A News Commentary by Niagara At Large reporter and publisher Doug Draper
Posted March 16th, 2021 on Niagara At Large
Niagara, Ontario – I picked up a copy of The St. Catharines Standard this March 16th and there was a headline on the newspaper’s front page that has become all too familiar across Niagara in recent years.
This one read; ‘Harassment is hitting new low, Ip says.’
In this case, Ip is St. Catharines Regional Councillor Laura Ip, but the headline might just as well have highlighted the name of any one of a number of higher profile women in public life in Niagara who have been subjected to everything from insults meant to belittle or demean them, to menacing message that smell like threat to them or members of their families.

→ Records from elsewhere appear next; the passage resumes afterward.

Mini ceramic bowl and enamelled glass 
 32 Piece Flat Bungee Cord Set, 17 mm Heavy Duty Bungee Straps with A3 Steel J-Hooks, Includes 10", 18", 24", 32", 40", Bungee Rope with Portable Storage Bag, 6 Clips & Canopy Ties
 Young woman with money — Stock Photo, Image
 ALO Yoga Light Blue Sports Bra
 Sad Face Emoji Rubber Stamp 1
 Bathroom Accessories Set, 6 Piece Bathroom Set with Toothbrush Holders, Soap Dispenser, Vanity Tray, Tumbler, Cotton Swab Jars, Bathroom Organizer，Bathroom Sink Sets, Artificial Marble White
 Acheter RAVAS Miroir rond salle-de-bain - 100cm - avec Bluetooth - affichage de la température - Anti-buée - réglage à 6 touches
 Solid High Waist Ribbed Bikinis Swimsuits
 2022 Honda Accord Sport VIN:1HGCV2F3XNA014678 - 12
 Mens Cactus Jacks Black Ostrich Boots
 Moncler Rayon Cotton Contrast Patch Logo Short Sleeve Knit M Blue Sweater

Just to get back to this most recent headline, there may be no surprise that Laura Ip, who has a record of taking strong positions of issues – positions considered objectionable or controversial to some – might draw strong criticism from those same people.
Yet there is a difference between civil discourse over issues – between people criticizing and challenging the views of Ip or any other individual in public office – and resorting to open or anonymous messages aimed at insulting, harassing and in sometimes even threatening the individual and members of their family.
In the Standard article, Laura Ip, who has roughed it out through waves of harassment before, is quoted saying; “I think the underlying theme to a lot of the abuse is that they want women just to shut up. … We are seeing it with journalists and women politicians – people with a voice.”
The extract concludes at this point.